Dogs running near waving sea

Why Do Dogs Have Tails?

You’ve probably thought why dogs have tails at some point or another.

Most dogs are born with tails, therefore it’s safe to say that they have a reason for having them.

Cute Pets! Cute Dogs! Dog in a Tree! NOMINATED!!

Dogs with tails benefit in more ways than just making them appear cute to other people. In fact, tails play an important role in daily life. Have you ever thought about why your dog has a tail? Here’s why:


Most dogs were bred for some sort of work, but you don’t need to see them performing some extraordinary task to see their tails in action.  

Happy dog playing with toy ring

Throw your dog’s favorite toy and watch him chase after it, or observe him playing chase with another dog. What you’re likely to see is your dog’s tail working to assist with skillful movement. 

Cute dog running

Our dog’s body needs a little extra help because he must change directions while running.  You’ll notice that your dog’s front legs will go in the direction that he intends to go, while the rear legs continue in the original direction. 

However, the tail will likewise turn in the new direction. It prevents your dog’s body from spinning off course or tumbling around by tossing the tail in the same direction that the body is turning.

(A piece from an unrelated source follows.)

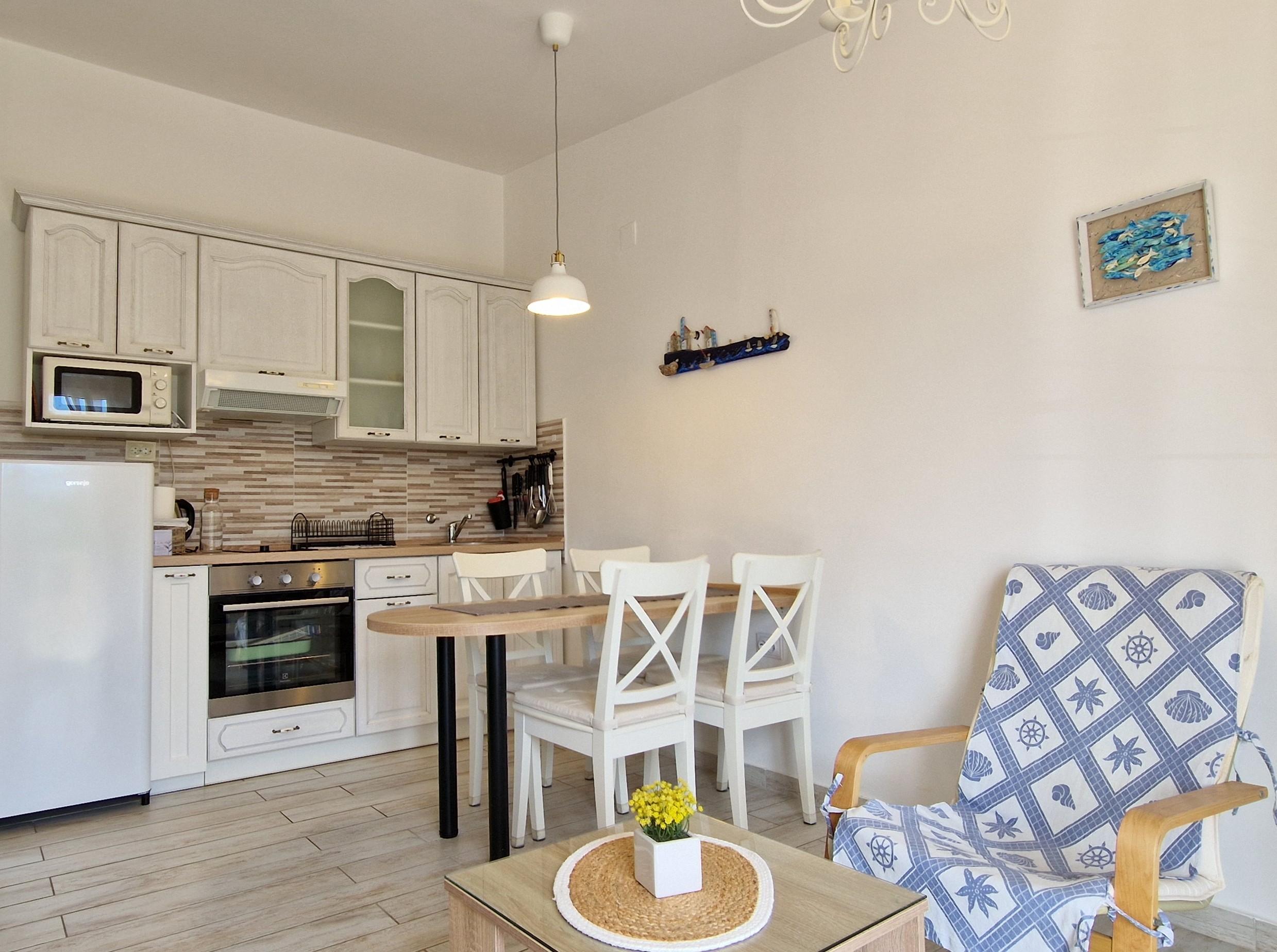 Ferienwohnung für 4 Personen mit traumhaften Meerblick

Your dog’s tail serves as a counterbalance on a regular basis, not only when he’s running. If you watch a dog move along a closed room, you’re almost sure to see the tail hard at work.

Young woman climbing stairs, walking her dog

The tail helps the dog maintain his balance by putting its weight on the opposite side of the dog’s tilt, much like a tightrope walker uses the balance bar to stay on the tightrope.  Dogs who like climbing different surfaces will use their tails to balance on uneven footing, such as rocks or trees.


It shouldn’t come as a surprise that dogs communicate with their tails. It’s probably safe to say that most of us are greeted by a happy, wagging tail when we walk through the door after being out.  

siberian husky dog communicating with cynologist

However, tails give more information than just a dog’s happiness. Canines communicate mostly with other dogs using their tails, but people have learnt to identify and understand their signals.


The tail of a happy dog will likely be wagging, while the tail of a scared dog will be tucked up between her legs.